Fakebook:Tom Buchanan

Saturday, October 13, 2012

Marriage is not Money $$$



If there is one thing in this world that “Grinds my gears”, it’s “GOLD DIGGERS”. People, who just marry others, solely on how much “mullah” that person makes, are Gold diggers. These “people” are ignorant and apathetic, judging others only by how much income they make and they shall have their reward. I mean come on people we should be better than this and not judge others by their net worth. We should not marry others based solely on their economical status, by virtue of that we overlook their “real” qualities, and that marriage is a sacred ordinance in the eyes of God.
When we choose to only look at how much money a person has in their bank account, we overlook and at times neglect their “real” qualities and characteristics. If one marry simply because money, they may not truly know that person and may come to regret getting married in the first place. For example, let us say a “gold digger” (male and/or female) gets hitched with someone they have barely met; 1 month later  finds out that gold digger’s spouse  is an abusive, “slobish”, an totally crazy spouse and wishes to divorce him/her, but the spouse kills the gold digger.  Although this may be an extreme “what if” situation, it could and sometimes it does happen. But in the end, we should marry someone who has qualities and characteristics that we look for in a spouse.
Marriage is not something to be taken lightly and is a sacred ordinance in the eyes of God, thus we should not just marry anyone based solely on their economical status. Marriage between a women and a man, is not only a contract between themselves, but also a covenant with God. People should not marry other people, simply based on how much money they have in their bank account. If people are to get married, they should value the following three things in a person. First, they should have same religious beliefs as yours, as to not cause contention and arguments, which only lead to a failed marriage. Second, they should have human values that we seek for in a “soul mate”. Finally third, they should have mutual interest, and aspirations, whether it is pertaining to physical, emotional, sociable, religious… etc. Marriage is a sacred ordinance between a man and a women, thus spouses should love, care, respect, and nurture each other. “We further declare that God has commanded that the sacred powers of procreation are to be employed only between man and woman, lawfully wedded as husband and wife.” (http://www.lds.org/topics/family-proclamation?lang=eng).
 We declare the means by which mortal life is created to be divinely appointed. We affirm the sanctity of life and of its importance in God’s eternal plan. (http://www.lds.org/topics/family-proclamation?lang=eng). Husband and wife have a solemn responsibility to love and care for each other and for their children. “Children are an heritage of the Lord” (Psalm 127:3). Parents have a sacred duty to rear their children in love and righteousness, to provide for their physical and spiritual needs, and to teach them to love and serve one another, observe the commandments of God, and be law-abiding citizens wherever they live.

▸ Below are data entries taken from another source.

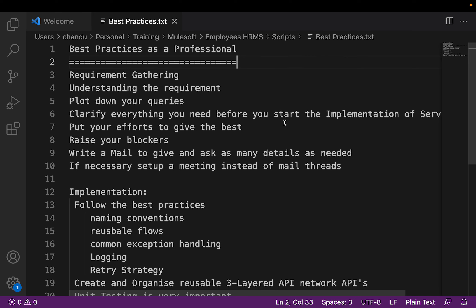Good morning all, myself Chandra. In our previous sessions we have discussed about the MuleSoft topics, pre-advanced topics and also the advanced topics, and from now onwards we will move to the real-time project — employees master. Before that, I am going to share a few details.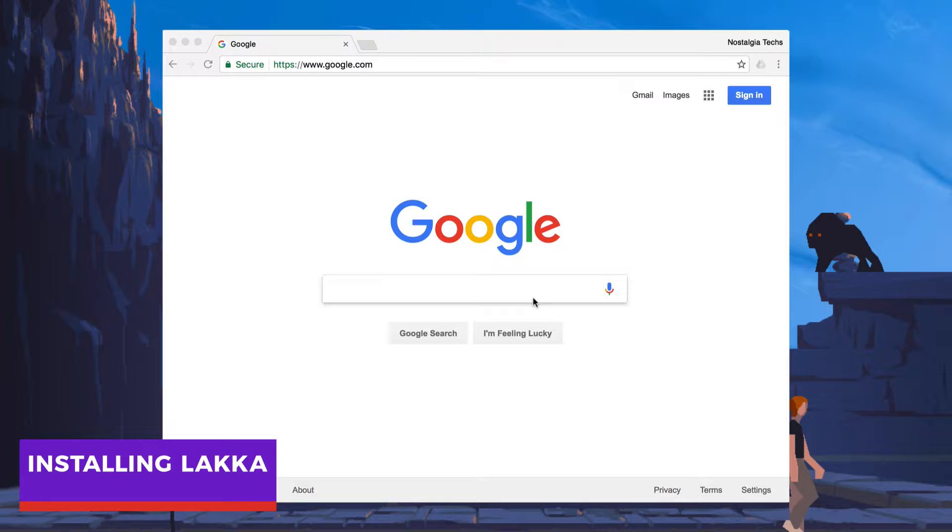In the video, we're going to go ahead and go to their website and download it directly. After it's been downloaded, we're going to find a piece of software that will allow us to flash it to the card on Mac OS X. So let's get started.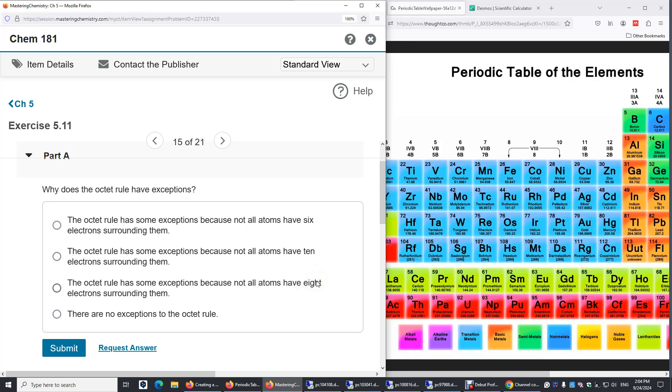Eight valence electrons, such as in water, the oxygen atom is surrounded by eight valence electrons.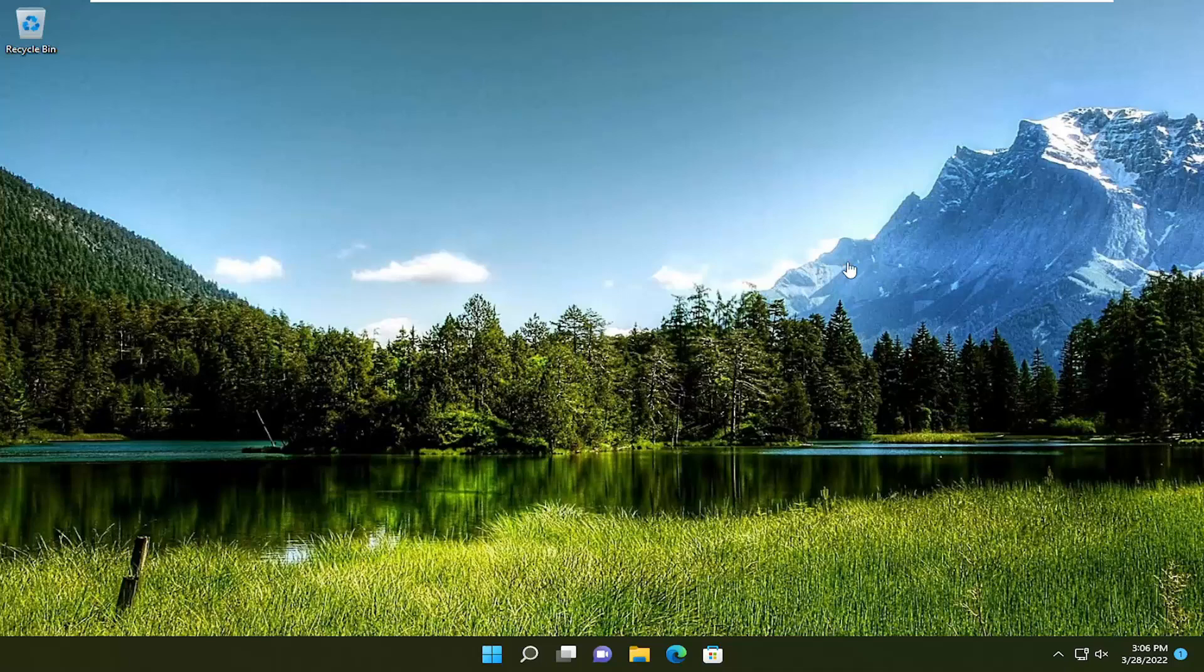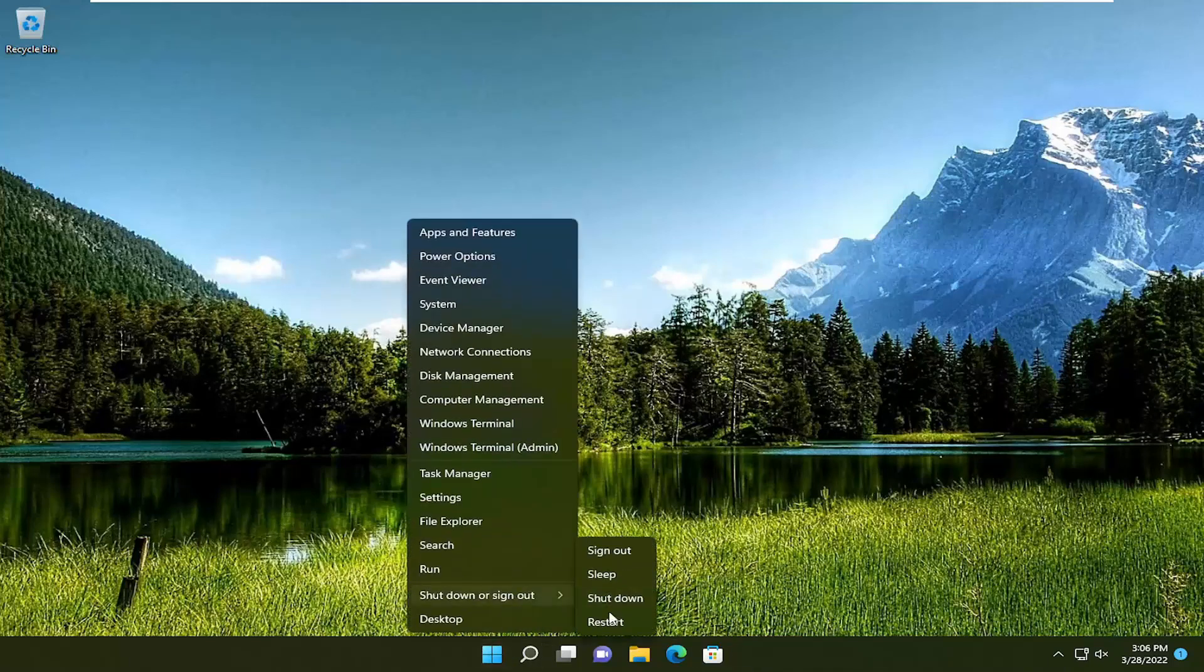All you have to do is right-click on the Start button and restart your computer. Make sure you've closed out and saved any open programs and applications you may have open.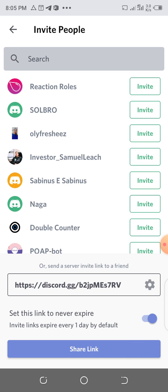By default, invite links expire every one day. Turn on the Never Expire option, then copy this link and send it to your friends to join the Discord channel with all the other details.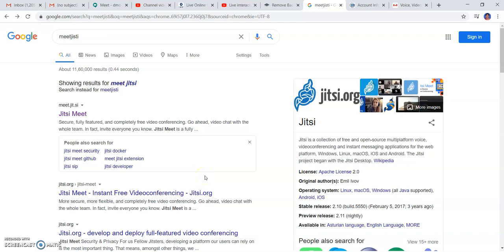Hi! The next platform we are going to explore today is Jitsi Meet. It's a completely free video conferencing tool, and you just have to type meet.jit.si.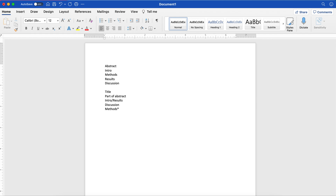I'll put an asterisk next to methods because I typically don't even read the methods unless I have no idea what they did and I want to learn more about it. We'll talk about this newer way of how I read papers. But I think for most of us when we first start, reading the abstract and then the introduction is the natural way to go — understanding the relevant literature and the overarching idea.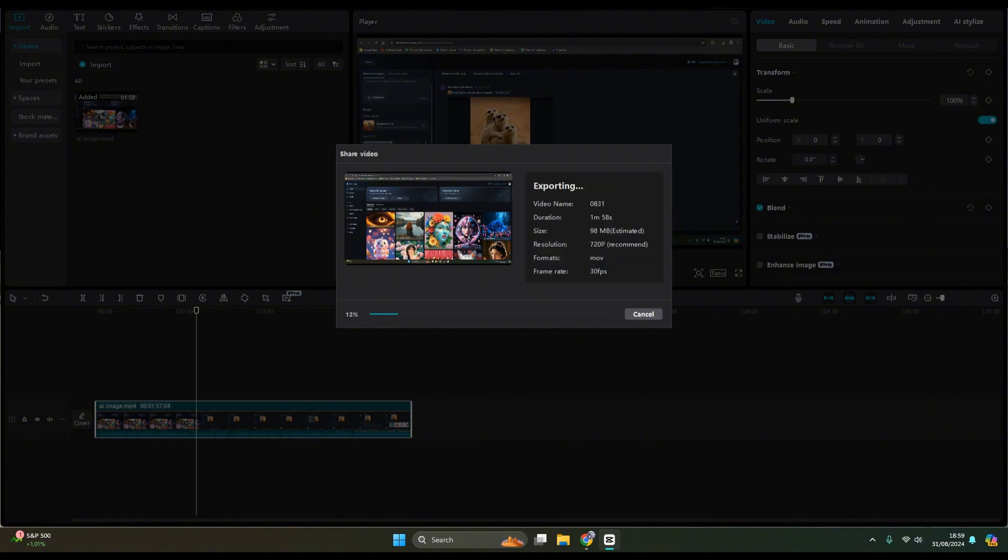Just wait until the exporting process is done. Okay, so now it will be uploading. After you are done with the exporting, just wait again.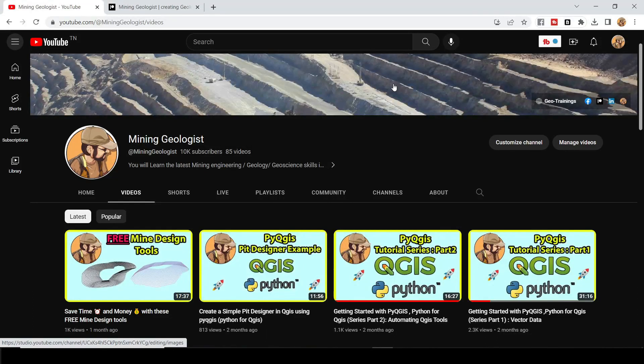Hello everyone, this is the Mining Geologist and I am back again with another very exciting and very informative tutorial.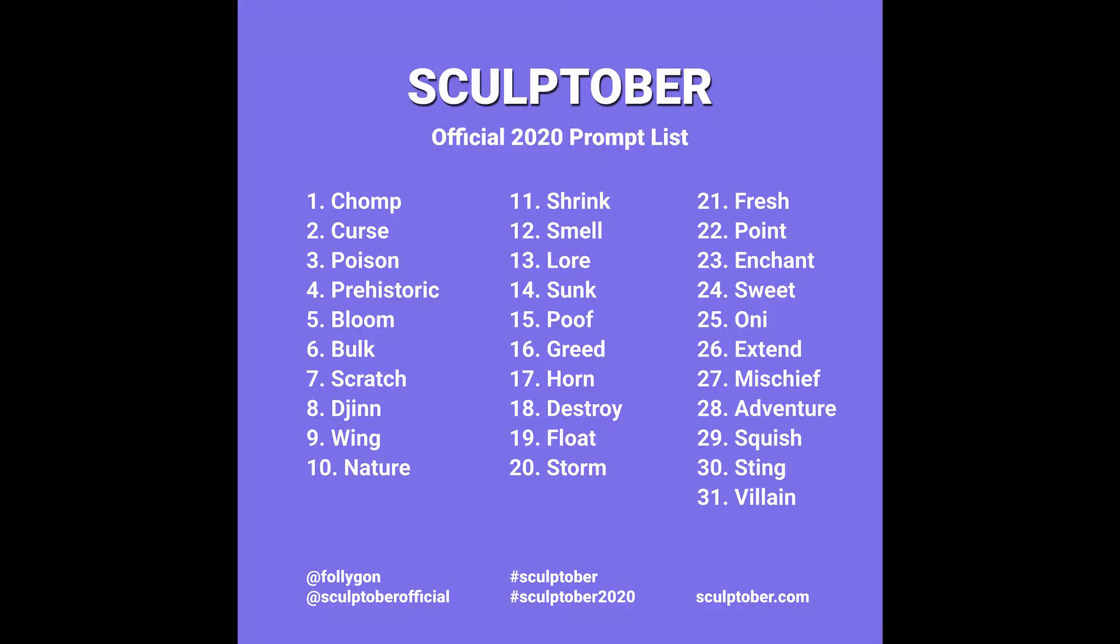So I decided to try the Sculptober challenge this year. I believe it was started by Follygon, I saw it on Twitter, and you can just search the Sculptober hashtag to find the prompt list if you'd like to join also.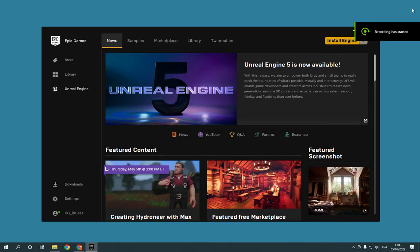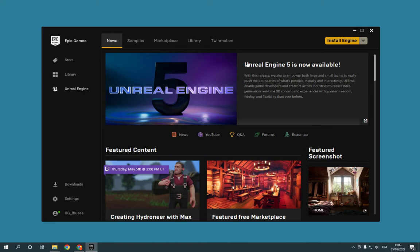How to enable offline mode browsing on Epic Games PC. Go to Epic Games — as you can see right here, this is the home page. Now go right here.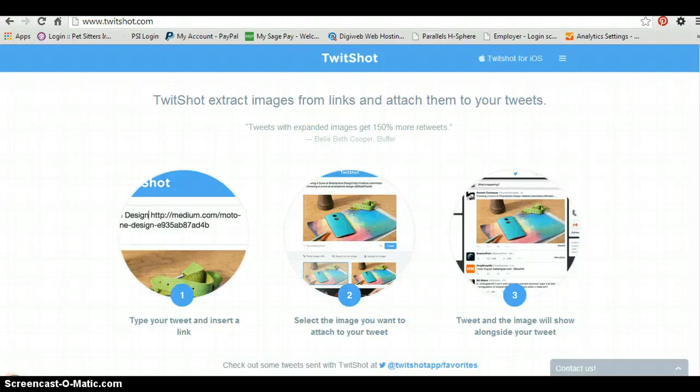Hi, this is Kate from Poulsen Media. I want to show you this website that I read about this morning called TwitchShot. Basically what it does is it allows you to write your tweet within the website and pull out an image from the article that you're posting.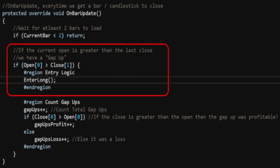Now the code below — I actually count the gap ups. That's how I got the stats for those win rates. Basically I checked if there was a gap up, and if there was, I did a total counter and increased it by one. Then if the current close is greater than the current open, I increased the profitable gap ups count. And else I increased the gap ups that were losers. That way I was able to calculate the win rate.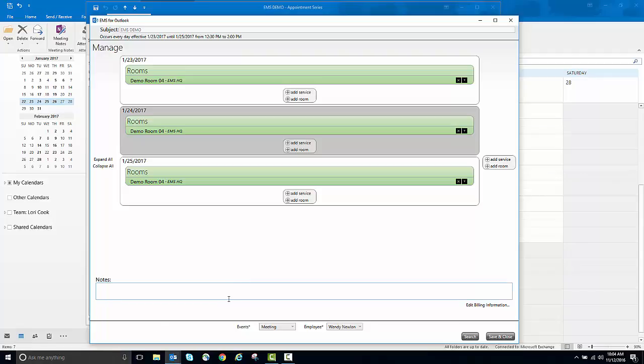EMS will hold this as one reservation with three separate bookings even if one is at a different time.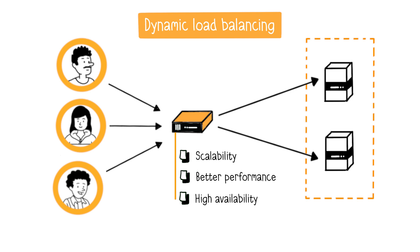Then, users experience faster response times and smooth user experience as the load is evenly distributed.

Husbands and wives—mothers and fathers—will be held accountable before God for the discharge of these obligations. (http://www.lds.org/topics/family-proclamation?lang=eng).
The family is ordained of God. Marriage between man and woman is essential to His eternal plan. Children are entitled to birth within the bonds of matrimony, and to be reared by a father and a mother who honor marital vows with complete fidelity. Happiness in family life is most likely to be achieved when founded upon the teachings of the Lord Jesus Christ. Successful marriages and families are established and maintained on principles of faith, prayer, repentance, forgiveness, respect, love, compassion, work, and wholesome recreational activities. By divine design, fathers are to preside over their families in love and righteousness and are responsible to provide the necessities of life and protection for their families. Mothers are primarily responsible for the nurture of their children. In these sacred responsibilities, fathers and mothers are obligated to help one another as equal partners. Disability, death, or other circumstances may necessitate individual adaptation. Extended families should lend support when needed. (http://www.lds.org/topics/family-proclamation?lang=eng).
We warn that individuals who violate covenants of chastity, who abuse spouse or offspring, or who fail to fulfill family responsibilities will one day, stand accountable before God. Further, we warn that the disintegration of the family will bring upon individuals, communities, and nations the calamities foretold by ancient and modern prophets.” (http://www.lds.org/topics/family-proclamation?lang=eng).
People should not marry others solely on their economical status, because we may neglect their other better qualities and because marriage was instituted by God and is a sacred ordinance.

 P.SMany of my blog concerning my second point was copied from the website LDS.ORG as to not discredit them or accidentally distort their (Prophets) Writings.